I have a df
,where the id
refers to a different person and the fruits_eat
refers to the fruit that person eats. Also, I have a vector fruits_list
storing a list of fruits.
I want to generate a new variable fruits_in_list
to indicate whether a person ate one and more fruits in the fruits_list
, but I don't know how to implement it in R.
I checked some answers, but none of them are very relevant to my problem, like.
fruits_Jack = c('XXappleYYY,lemon,orange,pitaya')
fruits_Rose = c('Navel orange,Blood orange,watermelon,cherry')

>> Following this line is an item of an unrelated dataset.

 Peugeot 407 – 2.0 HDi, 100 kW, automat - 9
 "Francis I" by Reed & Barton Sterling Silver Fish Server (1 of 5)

fruits_Biden= c('pitaya,cherry,banana')
fruits_list = c('apple', 'lemon', 'orange', 'watermelon', 'peach', 'pear')
df =
data.frame(id = c('Jack', 'Rose', 'Biden'),
fruits_eat = c(fruits_Jack, fruits_Rose, fruits_Biden))
> df
id fruits_eat
1 Jack apple,lemon,orange,pitaya
2 Rose Navel orange,Blood orange,watermelon,cherry
3 Biden pitaya,cherry,banana
df_expect = cbind(df, fruits_in_list = c(1, 1, 0))
> df_expect
id fruits_eat fruits_in_list
1 Jack apple,lemon,orange,pitaya 1
2 Rose Navel orange,Blood orange,watermelon,cherry 1
3 Biden pitaya,cherry,banana 0
With stringr
, use str_detect
, or str_count
if you want a real count:
library(stringr)
library(dplyr)
df %>%
mutate(fruits_in_list = +(str_detect(fruits_eat, paste0(fruits_list, collapse = "|"))),
count = str_count(fruits_eat, paste0(fruits_list, collapse = "|")))
id fruits_eat fruits_in_list count
1 Jack XXappleYYY,lemon,orange,pitaya 1 3
2 Rose Navel orange,Blood orange,watermelon,cherry 1 3
3 Biden pitaya,cherry,banana 0 0